**Task statement**
The listing below should be printed exactly, though its pictures must not be.
-- Opening Marker --
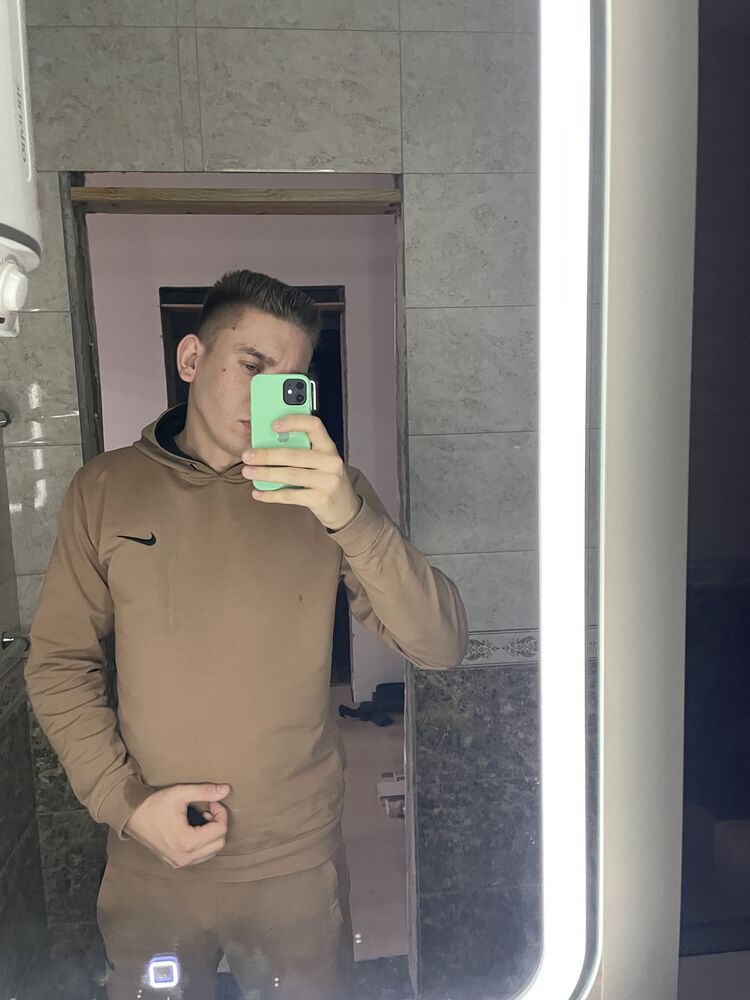  39067752  , 22 ,    
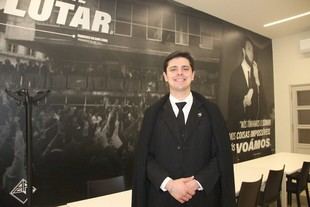 José Machado asume la presidencia de la Asociación Académica de Coimbra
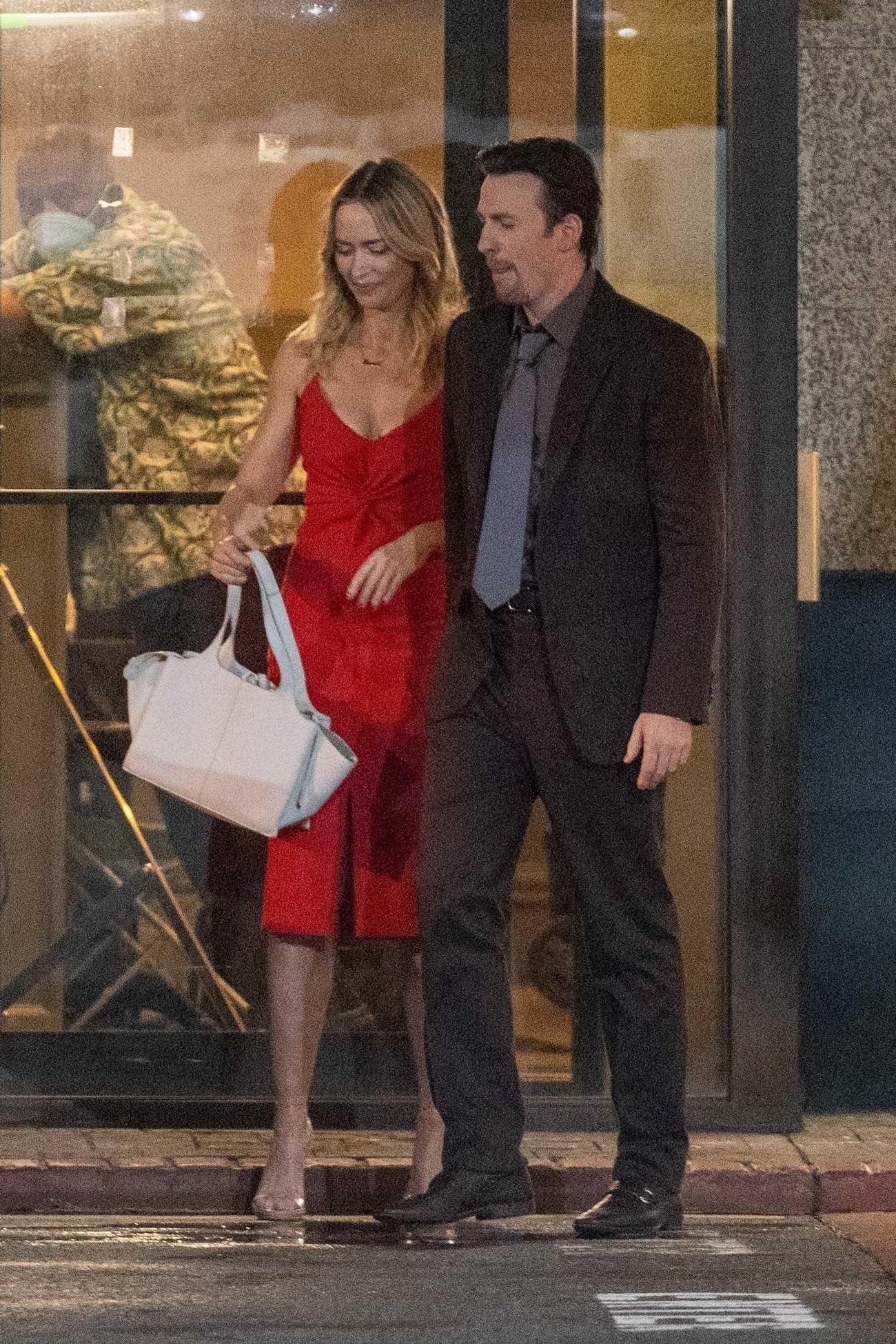 Chris_Evans_and_Emily_Blunt_film__Pain_Hustlers_2C_sep_15202215.jpg
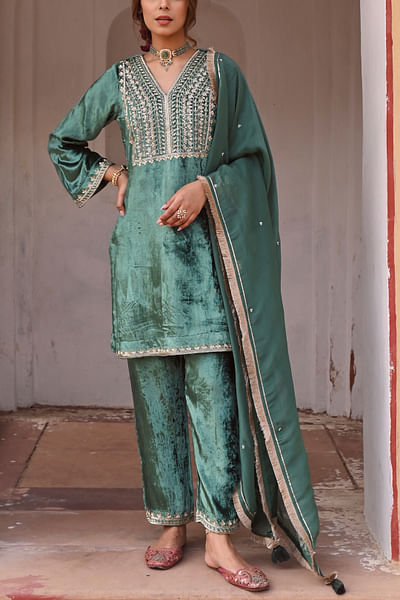 Emerald green embroidered kurta set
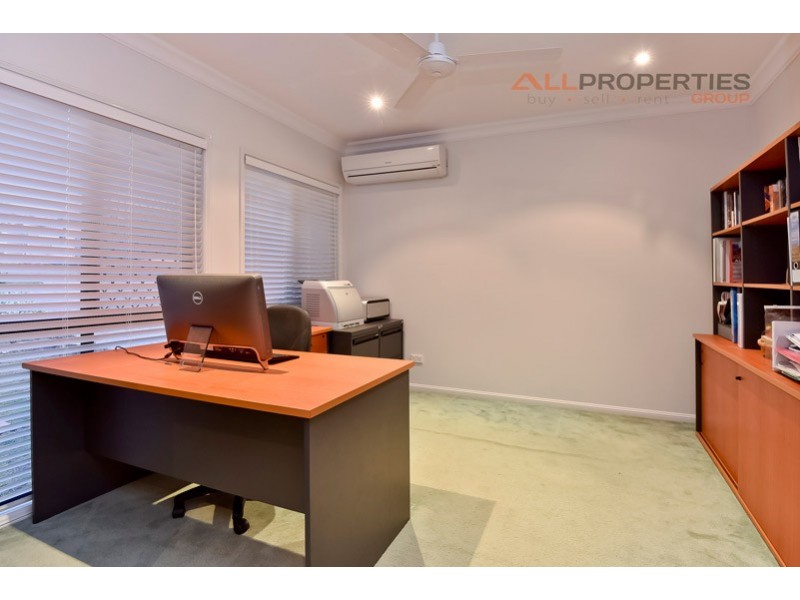 10 Landsborough Place, Forest Lake QLD 4078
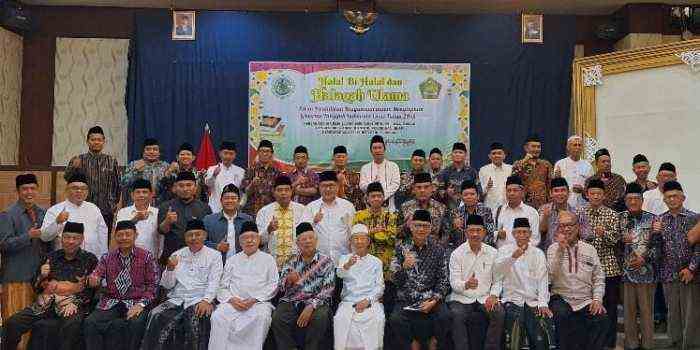 FOTO BERSAMA : Ketua Umum MUI KH Ahmad Darodji dalam Halaqah Ulama dan Halalbihalal di Hotel Pandanaran, Sabtu 4 Mei 2024.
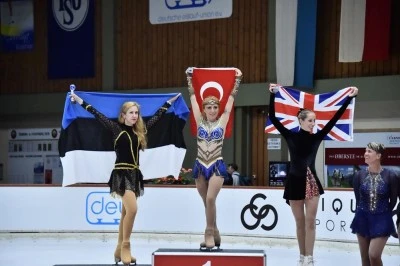 Artistik buz pateninde Naz Arıcı d&uuml;nya şampiyonu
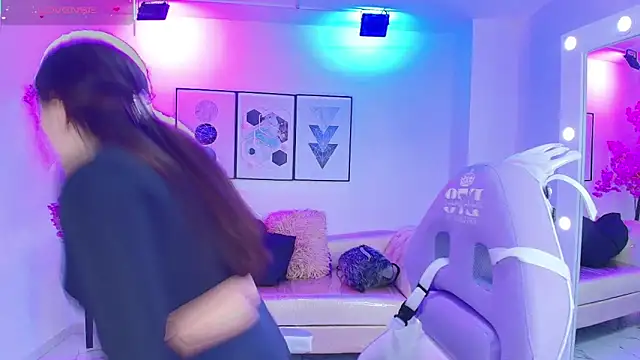 Snapshot of Isa_reel chatting on 10/17/25, 07:38 Isa reel online show from 10/17/25, 07:38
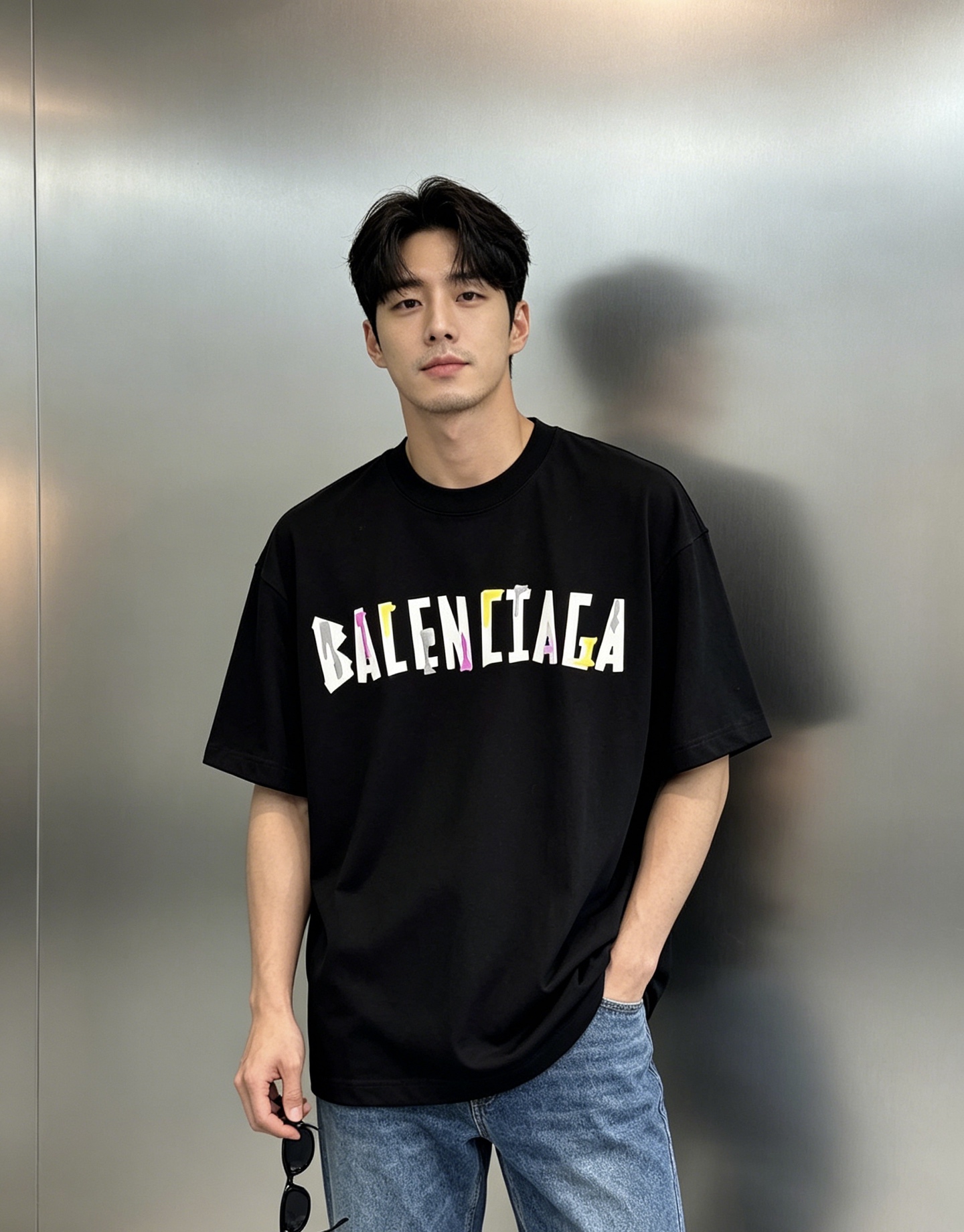 NO:912828,Balenciaga's new T-shirt with graffiti dripping letters. The same style for men and women, Balenciaga's iconic avant-garde aesthetics, wear street graffiti on the body, made of 280g cotton, drape and stiff, not easy to deform after long-term wear, front and back double printing design, front brand letters + graffiti B logo on the back, full of details!  The oversize drop-shoulder cut brings a sense of street relaxation, making it easy to create a trendy look. All three standards are met!  Color black. White. Size S-3XL slightly expanded version (/145 catties recommended L), balenciaga, balenciaga, versace, tees, t-shirt,19860909Balenciaga巴黎世家新款涂鸦滴落字母T恤.男女同款巴黎世家标志性先锋美学,把街头涂鸦穿在身上,280g棉打造,垂坠挺括,久穿不易变形,前后双版印花设计,正面品牌字母+背面涂鸦B标,细节拉满！oversize落肩剪裁,自带街头松弛感,轻松打造潮人穿搭.三标齐！颜色黑色.白色.码数S-3XL微扩版型（/145斤建议L）,,balenciaga,balenciaga,versace,tees，t-shirt,,Men's clothing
-- Closing Marker --
**Written response**
  39067752  , 22 ,    
 José Machado asume la presidencia de la Asociación Académica de Coimbra
 Chris_Evans_and_Emily_Blunt_film__Pain_Hustlers_2C_sep_15202215.jpg
 Emerald green embroidered kurta set
 10 Landsborough Place, Forest Lake QLD 4078
 FOTO BERSAMA : Ketua Umum MUI KH Ahmad Darodji dalam Halaqah Ulama dan Halalbihalal di Hotel Pandanaran, Sabtu 4 Mei 2024.
 Artistik buz pateninde Naz Arıcı d&uuml;nya şampiyonu
 Snapshot of Isa_reel chatting on 10/17/25, 07:38 Isa reel online show from 10/17/25, 07:38
 NO:912828,Balenciaga's new T-shirt with graffiti dripping letters. The same style for men and women, Balenciaga's iconic avant-garde aesthetics, wear street graffiti on the body, made of 280g cotton, drape and stiff, not easy to deform after long-term wear, front and back double printing design, front brand letters + graffiti B logo on the back, full of details!  The oversize drop-shoulder cut brings a sense of street relaxation, making it easy to create a trendy look. All three standards are met!  Color black. White. Size S-3XL slightly expanded version (/145 catties recommended L), balenciaga, balenciaga, versace, tees, t-shirt,19860909Balenciaga巴黎世家新款涂鸦滴落字母T恤.男女同款巴黎世家标志性先锋美学,把街头涂鸦穿在身上,280g棉打造,垂坠挺括,久穿不易变形,前后双版印花设计,正面品牌字母+背面涂鸦B标,细节拉满！oversize落肩剪裁,自带街头松弛感,轻松打造潮人穿搭.三标齐！颜色黑色.白色.码数S-3XL微扩版型（/145斤建议L）,,balenciaga,balenciaga,versace,tees，t-shirt,,Men's clothing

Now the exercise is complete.